Vim pra SP com recursos próprios. Quando eu me envolvo numa área social, eu vou atrás. Não bato nas portas das secretarias do governo do Estado, porque as portas estão fechadas para o PT. Eu parto direto para os ministérios, da Saúde e da Educação.


* Luis Carlos Cicuto (Reverte) – vereador em Trabiju (SP)

José Ferreira de Souza*

O PT precisa estreitar seu relacionamento com seus parlamentares. O poder legislativo é o mais democrático entre os três poderes. Tem de ser o mais democrático, porque ali é que se compõem todos os partidos, eleitos com sua representatividade, que vem da população. No Executivo, o grupo é mais puro, porque os cargos são nomeados. Esses cargos acabam tendo mais peso que aqueles que foram eleitos. Precisa avançar nisso.

Precisa também comunicar mais. Dar mais instrumento. O vereador de oposição sofre muito, lamentavelmente sempre foi assim, o legislativo se tornou um departamento do executivo.

A bancada de sustentação, em troca talvez de alguns privilégios, abre mão do que é fundamental do poder legislativo, que é o de fiscalizador do poder executivo.

E nós do PT temos que nos educarmos para isso, entender que ser oposição não quer dizer ser contra tudo ou contra todos. Ser oposição é o papel que nos cabe, de fiscalizar.

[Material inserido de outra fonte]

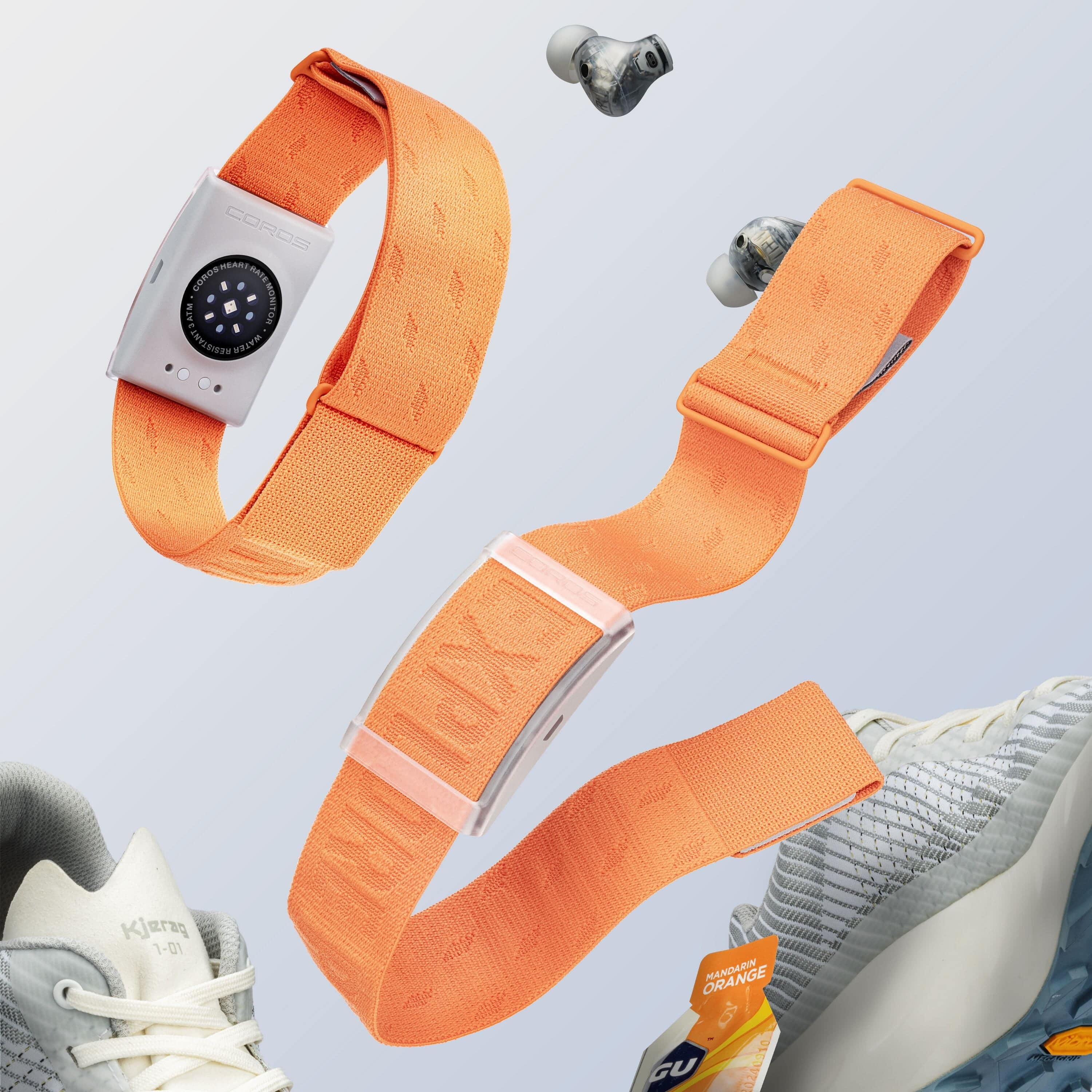 Coros orange arm band heart rate monitor with Bluetooth and 38-hour battery for running and fitness tracking.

Tenho agido assim em SBC. Quando fui da bancada de situação, eu atuava ajudando nosso prefeito a governar, mas fazendo as críticas construtivas que eu achava que devia fazer.

E o PT precisa dar um chacoalhão nesse Brasil, porque vários poderes executivos, copiaram nosso discurso, eles copiaram mal algumas propostas nossas de democratização do poder e aplicam errado. E os nossos parlamentares, nesses determinados lugares onde são oposição, às vezes não tem estrutura para informar a população sobre o que está acontecendo.

Em São Bernardo do Campo, cito o exemplo da consulta popular que fazíamos para o OP, em 91 e 92. O prefeito não tinha apreço por essa causa. Ele fingia que aplicava, mas não aplicava. Mas mesmo assim aplicamos o OP em alguns lugares. Quando ele saiu do PT, foi eleito por outro partido, o PSDB, trocou o OP por uma consulta que é feita. É uma carta que é mandada por correio ou por e-mail. E ele, o prefeito, diz pra população que sua proposta é mais democrática que a do PT. Outra coisa são os conselhos locais de saúde, que em SB foi implementada por lei pelo prefeito, e a população nem sabe que existe. Para fora, para os meios de comunicação e até pra projetos internacionais, eles divulgam aquilo como exemplo de democracia. Quem não conhece, acha que aquilo é coisa do PT. Outra coisa são os programas Primeiro Emprego, os programas dos agentes de saúde, que são do governo federal. Nessa questão, a comunicação é fundamental. Às vezes vamos a alguns locais que tem TVs locais. No ABC não tem. O que fala pelo ABC é um determinado jornal, que não vou citar o nome. Este jornal é manipulado pelo poder Executivo. Então não sai nada, nós do PT, movimentamos a população, ela conquista suas reivindicações. O jornal acompanha, faz matéria com a população, mas põe o prefeito na parada e sequer divulga que esteve presente um vereador do PT. Aí aparecem os vereadores da bancada de sustentação do prefeito como se fossem eles os organizadores daquela população. São esses picaretas que encontramos pelo caminho e dificulta fazer valer as propostas do PT.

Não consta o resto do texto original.